- TO DO:
Would you reproduce exactly the lines below from the one holding "پوکی استخوان از دهه چهارم زندگی شروع می‌شود" through the one holding "X0000093741260200710301057", inclusive, and no others?

(INPUT)

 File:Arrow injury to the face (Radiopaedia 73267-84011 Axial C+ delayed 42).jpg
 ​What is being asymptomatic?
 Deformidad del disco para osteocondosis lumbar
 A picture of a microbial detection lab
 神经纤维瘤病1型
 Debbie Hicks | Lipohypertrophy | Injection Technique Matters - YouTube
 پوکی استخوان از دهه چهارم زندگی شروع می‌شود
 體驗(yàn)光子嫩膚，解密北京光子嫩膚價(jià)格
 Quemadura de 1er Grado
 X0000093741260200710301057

(End INPUT)
(INPUT)

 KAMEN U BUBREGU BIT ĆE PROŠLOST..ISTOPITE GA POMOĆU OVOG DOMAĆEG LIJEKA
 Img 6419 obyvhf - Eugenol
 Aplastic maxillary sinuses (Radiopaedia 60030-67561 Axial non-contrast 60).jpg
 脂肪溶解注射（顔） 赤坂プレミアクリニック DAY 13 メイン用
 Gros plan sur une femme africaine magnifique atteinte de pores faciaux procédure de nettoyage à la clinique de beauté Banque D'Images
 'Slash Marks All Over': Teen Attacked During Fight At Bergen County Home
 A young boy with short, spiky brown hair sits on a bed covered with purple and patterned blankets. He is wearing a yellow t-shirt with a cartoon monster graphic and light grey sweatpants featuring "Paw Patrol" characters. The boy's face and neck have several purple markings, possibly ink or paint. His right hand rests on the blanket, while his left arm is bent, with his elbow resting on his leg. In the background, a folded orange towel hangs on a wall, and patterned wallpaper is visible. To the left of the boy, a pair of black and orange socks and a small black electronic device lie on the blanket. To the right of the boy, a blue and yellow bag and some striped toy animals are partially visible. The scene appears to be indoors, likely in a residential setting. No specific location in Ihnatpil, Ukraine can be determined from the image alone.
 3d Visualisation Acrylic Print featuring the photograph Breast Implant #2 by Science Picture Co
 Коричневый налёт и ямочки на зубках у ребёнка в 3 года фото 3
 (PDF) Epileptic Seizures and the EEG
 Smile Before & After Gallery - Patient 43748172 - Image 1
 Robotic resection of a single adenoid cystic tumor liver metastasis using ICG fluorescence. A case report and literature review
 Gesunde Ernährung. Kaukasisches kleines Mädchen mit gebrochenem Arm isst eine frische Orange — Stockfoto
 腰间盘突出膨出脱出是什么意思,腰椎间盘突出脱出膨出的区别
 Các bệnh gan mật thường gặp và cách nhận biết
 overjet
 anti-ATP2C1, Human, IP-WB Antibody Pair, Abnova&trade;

(End INPUT)

- OUTPUT OF THE TASK:
 پوکی استخوان از دهه چهارم زندگی شروع می‌شود
 體驗(yàn)光子嫩膚，解密北京光子嫩膚價(jià)格
 Quemadura de 1er Grado
 X0000093741260200710301057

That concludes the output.